For that reason, try showcasing your most popular products by denoting them as “top sellers”, “trending products”, or “popular choices” on category pages, just like Brilliant Earth does here:
You could even replicate Bombas by adding a “best sellers” category to your website navigation:
Or why not add a “best seller” badge to your most in-demand products?
Promote Content Generated By Customers on Social Media
When it comes to influencing purchasing decisions, user-generated content (UGC) is far more impactful than the content brands create themselves:
So it makes sense to encourage customers to create content about your products — and to share it far and wide when they do.
GoPro is one of the best in the business at leveraging UGC to build social proof.
It constantly runs photography challenges that prompt GoPro users to share their best shots.
And it works — so much so that the overwhelming majority of content on GoPro’s Instagram is made up of user-generated imagery like this:
Not only does all that UGC make life easy for GoPro’s social media team — it also promotes the brand’s products far more effectively than branded content ever could.
Highlight Success Stories Featuring Your Product
Case studies are a common social proof tactic in the B2B world, where buyers often like to see complex products explained through the eyes of companies in similar industries and with similar goals.

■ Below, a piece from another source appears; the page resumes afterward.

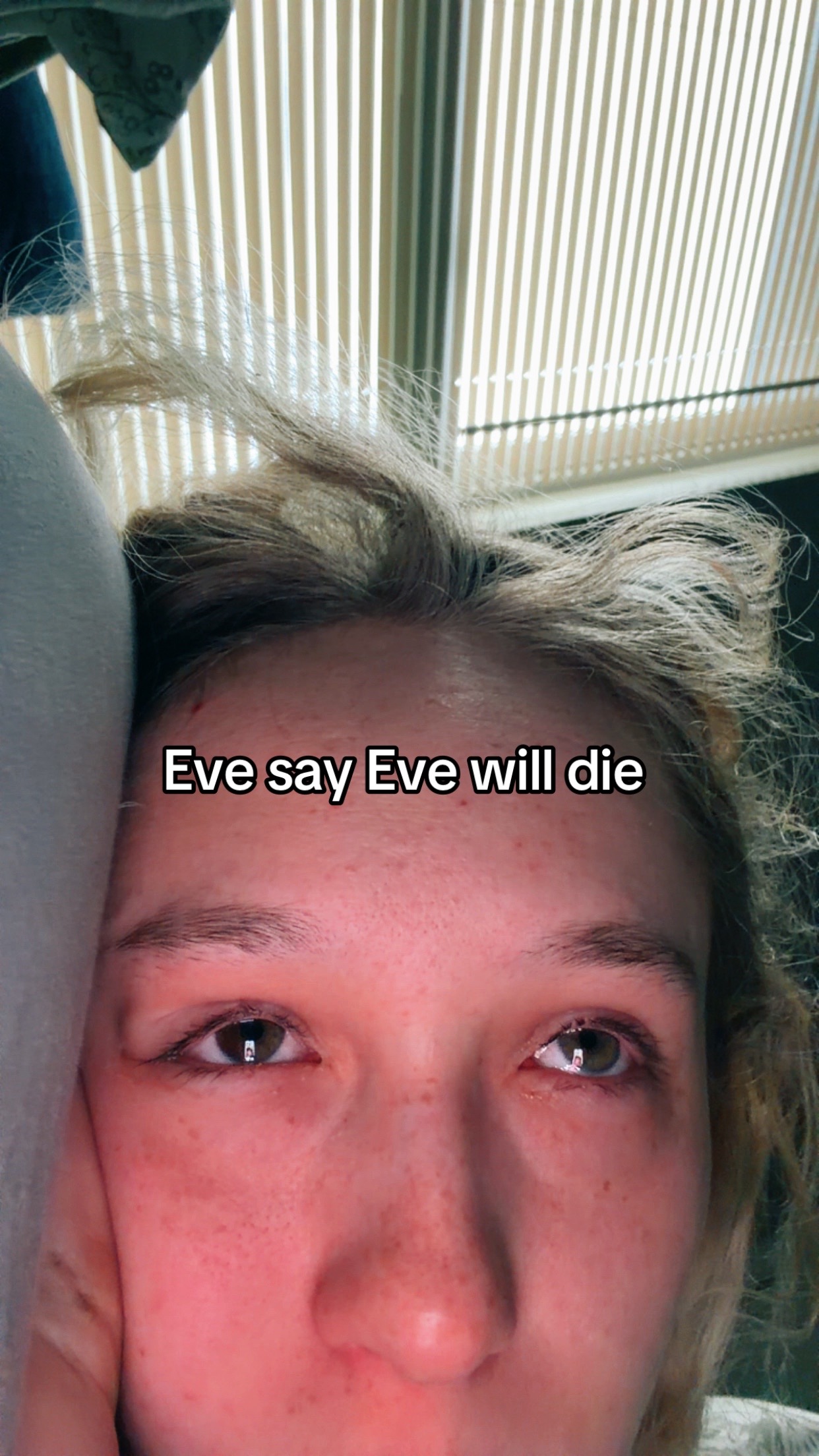@Eve Fulkerson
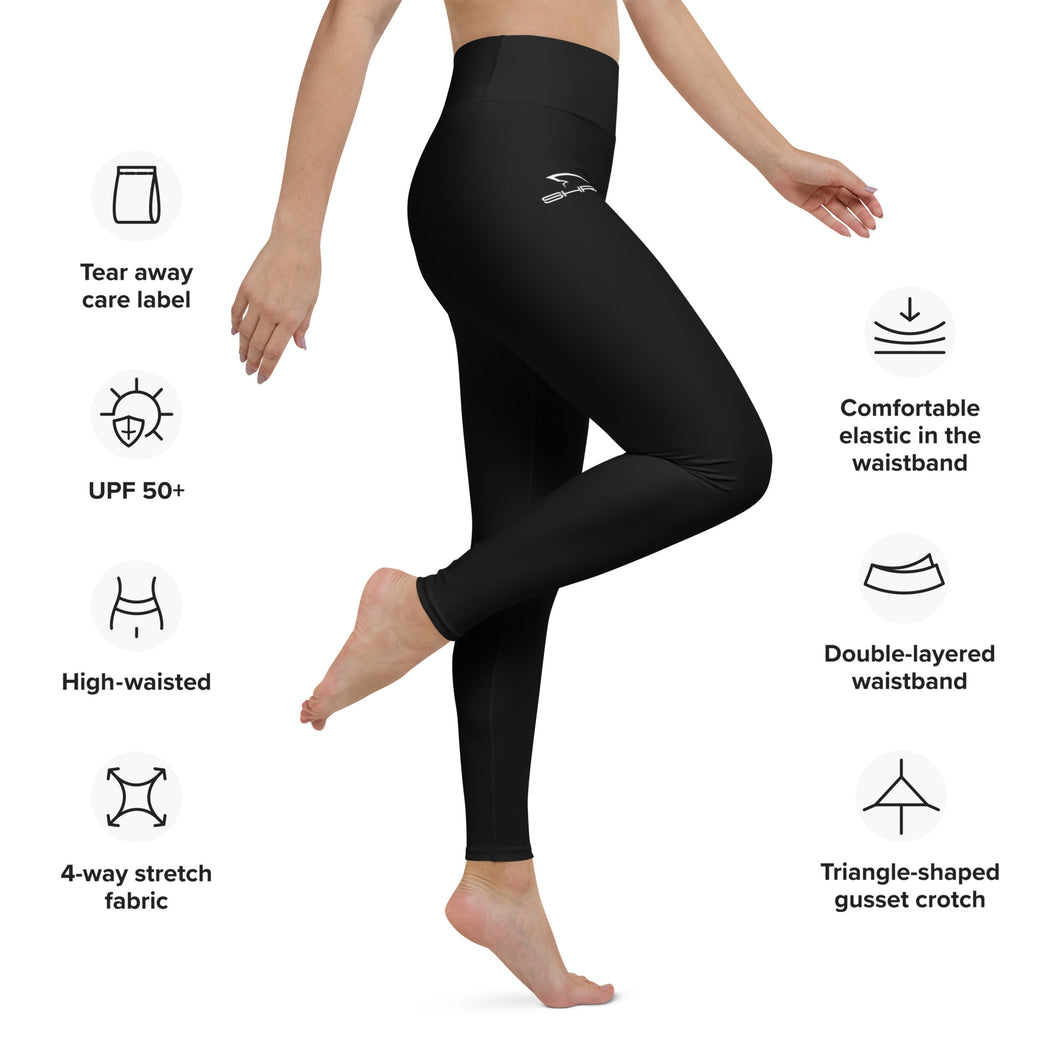 SHRKco Leggings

But they can be equally effective for B2C brands, who can use customer success stories to boost conversion rates — especially if their products are a little out-of-the-ordinary.
B2C case studies rarely follow the classic B2B problem > solution > results model.
Often, they’re little more than a short testimonial that speaks to a common pain point. For instance, the following example from meal delivery subscription service Blue Apron references the customer’s desire to eat healthily while trying new recipes:
Display Recognition and Honors
Won an award? Been praised by a high-profile influencer or publication? Don’t keep it to yourself; add it to your website.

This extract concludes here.